I know that I’m a whiny little brat. Poor me, poor me…pour me a drink. I’ve got to get back on track with my program. Michael told me that I’m making excuses to not reach out to others in the program. He’s right. I’ve always had a difficult time calling people. He is expecting me to call two people we know before we get together next Monday. I could do this. I’ve got to do something!

I also need a sponsor. My last sponsor was a straight married man who talks a lot about himself and then says, “sorry” and brings it back to me. But then he does this over and over again. We’ve gone through the steps once, and I’m ready to move on. There’s a gay guy who has something like 27+ years of sobriety, and he’s been with his partner for 32 years. I think I’ll ask him.

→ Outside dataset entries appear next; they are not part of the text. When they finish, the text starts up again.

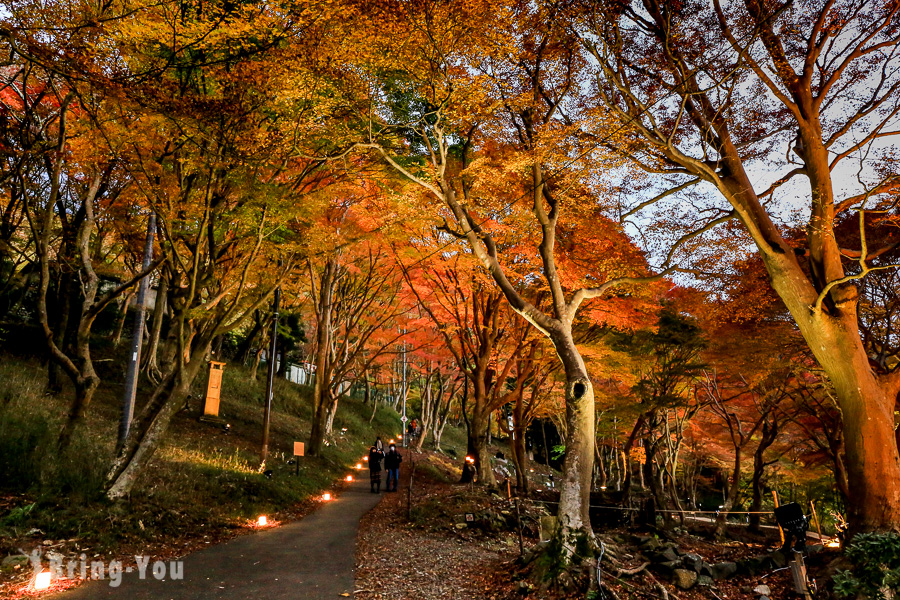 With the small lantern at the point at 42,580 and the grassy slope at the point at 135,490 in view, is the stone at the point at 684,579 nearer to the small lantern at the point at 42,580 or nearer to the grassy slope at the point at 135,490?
the grassy slope at the point at 135,490

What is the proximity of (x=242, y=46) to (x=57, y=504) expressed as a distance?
7.37 meters

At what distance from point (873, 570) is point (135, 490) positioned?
1107cm

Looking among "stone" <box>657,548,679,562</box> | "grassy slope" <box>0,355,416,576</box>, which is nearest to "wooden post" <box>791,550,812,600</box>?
"stone" <box>657,548,679,562</box>

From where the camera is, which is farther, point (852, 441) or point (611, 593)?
point (852, 441)

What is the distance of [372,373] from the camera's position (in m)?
31.2

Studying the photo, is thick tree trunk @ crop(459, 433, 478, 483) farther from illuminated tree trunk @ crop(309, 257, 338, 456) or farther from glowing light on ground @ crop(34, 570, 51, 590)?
glowing light on ground @ crop(34, 570, 51, 590)

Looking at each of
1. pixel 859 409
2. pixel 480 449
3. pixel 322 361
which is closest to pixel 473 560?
pixel 859 409

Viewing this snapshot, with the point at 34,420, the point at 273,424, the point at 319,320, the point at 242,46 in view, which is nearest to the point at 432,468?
the point at 273,424

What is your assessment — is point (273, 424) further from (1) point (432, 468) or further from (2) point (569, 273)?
(2) point (569, 273)

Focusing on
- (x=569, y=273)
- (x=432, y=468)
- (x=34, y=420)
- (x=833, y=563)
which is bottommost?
(x=432, y=468)

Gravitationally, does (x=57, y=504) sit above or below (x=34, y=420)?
below

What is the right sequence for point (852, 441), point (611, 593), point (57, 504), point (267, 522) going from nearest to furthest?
point (611, 593), point (57, 504), point (852, 441), point (267, 522)

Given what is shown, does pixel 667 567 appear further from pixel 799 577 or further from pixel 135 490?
pixel 135 490

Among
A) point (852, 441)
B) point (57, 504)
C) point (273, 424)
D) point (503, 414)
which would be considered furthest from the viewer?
point (503, 414) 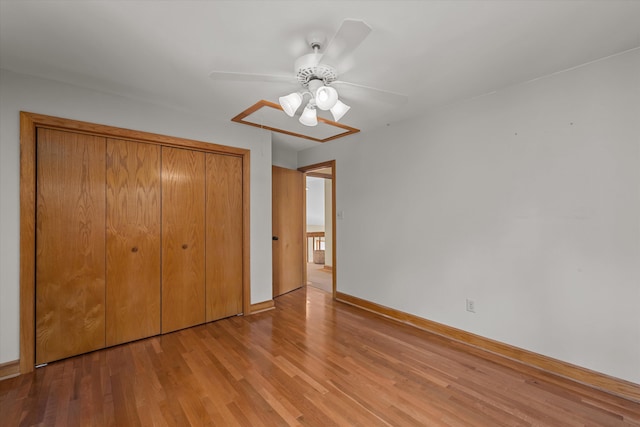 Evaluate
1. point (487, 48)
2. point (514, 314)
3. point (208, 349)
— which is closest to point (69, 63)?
point (208, 349)

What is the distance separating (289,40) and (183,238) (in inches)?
90.6

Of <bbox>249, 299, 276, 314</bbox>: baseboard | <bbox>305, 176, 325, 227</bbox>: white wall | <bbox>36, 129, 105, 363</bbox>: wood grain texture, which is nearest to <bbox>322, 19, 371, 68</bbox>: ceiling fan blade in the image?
<bbox>36, 129, 105, 363</bbox>: wood grain texture

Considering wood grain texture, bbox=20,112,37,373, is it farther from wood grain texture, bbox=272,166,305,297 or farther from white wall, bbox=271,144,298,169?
white wall, bbox=271,144,298,169

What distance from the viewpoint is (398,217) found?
10.9 feet

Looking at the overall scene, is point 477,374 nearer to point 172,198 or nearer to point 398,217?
point 398,217

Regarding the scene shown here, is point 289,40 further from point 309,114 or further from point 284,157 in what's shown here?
point 284,157

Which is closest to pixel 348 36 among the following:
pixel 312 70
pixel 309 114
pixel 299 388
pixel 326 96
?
pixel 326 96

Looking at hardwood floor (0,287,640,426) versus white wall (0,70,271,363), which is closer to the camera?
hardwood floor (0,287,640,426)

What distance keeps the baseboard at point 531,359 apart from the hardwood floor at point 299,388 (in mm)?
77

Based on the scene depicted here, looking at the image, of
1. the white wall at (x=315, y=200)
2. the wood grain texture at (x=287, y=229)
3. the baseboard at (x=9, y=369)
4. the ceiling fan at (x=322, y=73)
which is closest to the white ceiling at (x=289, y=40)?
the ceiling fan at (x=322, y=73)

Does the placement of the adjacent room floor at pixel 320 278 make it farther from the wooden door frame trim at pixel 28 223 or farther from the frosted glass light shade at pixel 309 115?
the wooden door frame trim at pixel 28 223

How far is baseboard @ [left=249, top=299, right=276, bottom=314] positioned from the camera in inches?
138

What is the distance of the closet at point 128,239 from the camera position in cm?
233

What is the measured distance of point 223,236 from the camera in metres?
3.32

I’ve got trust issues with sponsors. My sponsor in New Orleans, Joseph, was the most wonderful, caring and selfless person I think I’ve ever met. I moved away after Hurricane Katrina blew through, and we didn’t stay in touch much after that. He passed away a couple of years after that. I miss him so much!
Since Joseph, I got a sponsor who turned out to be a gossip, so I fired his ass. Then, I got a sponsor who turned out to be a child pornography addict. He told people that it was only one picture on his computer, and that it wasn’t anything because the boys in it were of questionable age and just had semi-erections, and not doing anything with each other. Turns out that he had hundreds of pics and videos, and was found guilty in a federal court, and is now awaiting sentencing! He knew about the molestation I encountered as a child. I wonder if he was getting off on what happened to me. He once told me that all of his sponsees were molested as children. I wonder why?!

Hence my trust issues. I hope this new man will work out. We are going to meet in the next week or two once he returns from a trip.

So that’s where I’m at today. I feel better typing this, and maybe once I reach out to others I’ll feel even better. I’ve been told that’s how it works.